Are you constantly recalibrating your nervous system from the barrage of the news cycle and ensuing soup of emotions: anger, disbelief, grief, loss, and frustration? Here is a piece of good news. It’s a moment in history, a sacred pause, coined by scientists as the “Anthropause” – the wave of quiet.
Do you remember in the first few days of pandemic lockdown how eerily quiet the world became? An exquisite peacefulness descended in which bird calls, the sounds of the bush, trees, our own breathing could be heard for the first time above the reverb of industry, air and road traffic. The sky is a gorgeous blue and people in India are seeing the Himalayas for the first time.
The wave of quiet has been studied scientifically. The COVID-19 pandemic has resulted in the longest and most pronounced reduction in human-linked seismic vibrations of the earth ever recorded. Finally the earth can breathe again.
The study results were released at the end of July in Science and documented more than 268 seismic stations in 117 countries between March and May 2020, finding an up to 50% reduction in seismic noise from humans coinciding with lockdown. The largest drops were seen in densely populated areas like New York City. Reduced rumblings were even recorded deep underground in the Black Forest.
“Our study uniquely highlights just how much human activities impact the solid Earth, and could let us see more clearly than ever what differentiates human and natural noise.” Seismologist Stephen Hicks of Imperial College London in the UK.
I could hear myself sighing with relief when a friend told me this recently. Maybe now we could listen better to the Earth and understand her natural signals that we would otherwise have missed, drowned out by the sounds of human activity.
We are being asked to tread gently in the more-than-human world. Listen to trees whisper, their vibration and communication taking much longer than other living things. This devastating trifecta of 2020 Year of Fire, Pandemic and Uprising is really settling in for the long haul and we are asked to bear witness to universal and personal losses big and small. We are all indigenous to the Earth – some through lineage and others through ancestry. Let’s learn from each other: how to belong, connect and take care of Mother Earth.
Listen
I can see from where I am standing at one end of the deserted beach
a creature has washed up.
I walk towards it and as
I get closer I see a magnificent tree with limbs akimbo.

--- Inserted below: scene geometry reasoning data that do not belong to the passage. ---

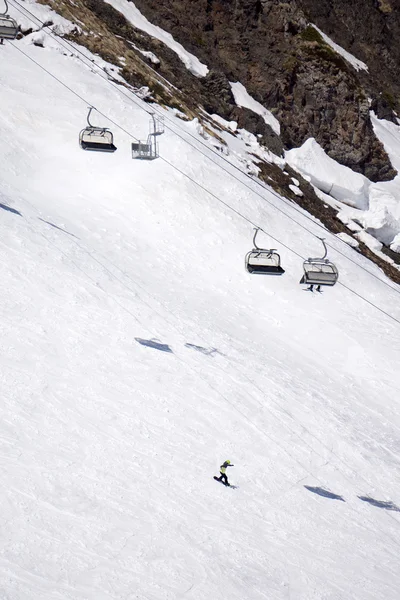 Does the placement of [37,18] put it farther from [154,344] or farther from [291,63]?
[154,344]

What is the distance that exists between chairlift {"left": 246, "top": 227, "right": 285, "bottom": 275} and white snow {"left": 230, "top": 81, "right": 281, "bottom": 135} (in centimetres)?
3533

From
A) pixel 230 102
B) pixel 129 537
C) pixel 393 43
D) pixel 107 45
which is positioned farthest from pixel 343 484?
pixel 393 43

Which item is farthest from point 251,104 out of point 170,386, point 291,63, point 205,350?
point 170,386

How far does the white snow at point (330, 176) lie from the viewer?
186 feet

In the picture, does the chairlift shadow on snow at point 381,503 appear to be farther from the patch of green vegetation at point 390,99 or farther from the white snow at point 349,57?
the patch of green vegetation at point 390,99

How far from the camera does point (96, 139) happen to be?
33812 millimetres

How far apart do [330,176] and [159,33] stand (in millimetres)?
18330

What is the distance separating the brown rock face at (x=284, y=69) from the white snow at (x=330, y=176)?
289 centimetres

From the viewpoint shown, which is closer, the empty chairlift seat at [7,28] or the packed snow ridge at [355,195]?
the empty chairlift seat at [7,28]

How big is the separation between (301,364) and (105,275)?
850 centimetres

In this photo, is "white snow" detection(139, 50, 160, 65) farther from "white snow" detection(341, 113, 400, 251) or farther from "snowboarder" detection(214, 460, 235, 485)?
"snowboarder" detection(214, 460, 235, 485)

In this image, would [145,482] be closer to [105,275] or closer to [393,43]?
[105,275]

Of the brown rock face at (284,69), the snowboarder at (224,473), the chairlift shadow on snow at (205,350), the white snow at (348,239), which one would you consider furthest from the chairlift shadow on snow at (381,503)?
the brown rock face at (284,69)

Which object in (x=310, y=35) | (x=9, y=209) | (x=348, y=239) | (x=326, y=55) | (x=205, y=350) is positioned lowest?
(x=9, y=209) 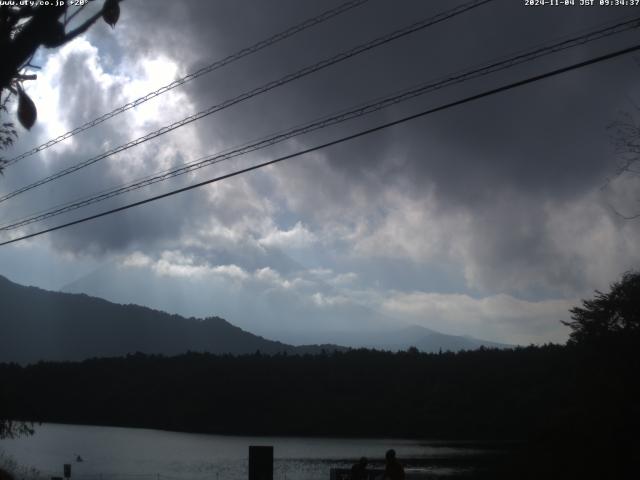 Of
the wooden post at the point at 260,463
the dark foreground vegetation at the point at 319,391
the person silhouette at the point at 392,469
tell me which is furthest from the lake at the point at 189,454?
the wooden post at the point at 260,463

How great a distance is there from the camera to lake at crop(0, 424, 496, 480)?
180 feet

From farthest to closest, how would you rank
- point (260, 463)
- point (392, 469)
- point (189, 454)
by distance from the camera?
point (189, 454)
point (392, 469)
point (260, 463)

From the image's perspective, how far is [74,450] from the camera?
258 ft

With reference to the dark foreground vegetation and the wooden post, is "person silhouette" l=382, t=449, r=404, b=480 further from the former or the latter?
the dark foreground vegetation

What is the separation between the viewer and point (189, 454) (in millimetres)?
75125

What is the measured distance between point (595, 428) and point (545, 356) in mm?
69190

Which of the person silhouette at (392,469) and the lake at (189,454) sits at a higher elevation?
the person silhouette at (392,469)

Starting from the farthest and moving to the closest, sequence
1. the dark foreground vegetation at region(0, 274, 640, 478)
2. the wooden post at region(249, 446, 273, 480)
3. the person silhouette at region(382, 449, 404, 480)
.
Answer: the dark foreground vegetation at region(0, 274, 640, 478)
the person silhouette at region(382, 449, 404, 480)
the wooden post at region(249, 446, 273, 480)

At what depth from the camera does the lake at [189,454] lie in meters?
54.8

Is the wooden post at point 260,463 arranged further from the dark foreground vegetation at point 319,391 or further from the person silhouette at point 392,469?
the dark foreground vegetation at point 319,391

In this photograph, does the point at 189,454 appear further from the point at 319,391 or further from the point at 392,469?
the point at 392,469


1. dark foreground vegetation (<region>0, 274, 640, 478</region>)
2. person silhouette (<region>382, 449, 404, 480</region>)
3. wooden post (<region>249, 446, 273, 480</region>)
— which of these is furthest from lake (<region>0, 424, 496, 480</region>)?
wooden post (<region>249, 446, 273, 480</region>)

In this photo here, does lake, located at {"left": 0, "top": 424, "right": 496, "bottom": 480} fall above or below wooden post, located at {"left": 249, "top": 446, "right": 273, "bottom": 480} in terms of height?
below

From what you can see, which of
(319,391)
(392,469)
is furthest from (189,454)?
(392,469)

As the tide rushes out, I climb aboard
the boat that is setting sail, destined to sink.It’s high tide and the waves rush in under her moist, watery boughs.
I’m moving, I’ve launched into this new life, way out of my depth, it’s frightening
and the tree says, waves rushing out
allow for uncertainty,
allow for things to start and finish,
allow for suffering and don’t be surprised.The next day I come to her
she is marooned, it’s low tide.
Limpets stick to her underbelly
motionless, moored to the sand, full of sadness and longing.The tree says
could you listen?
could you just listen to the gentle tremors of the earth and your human heart?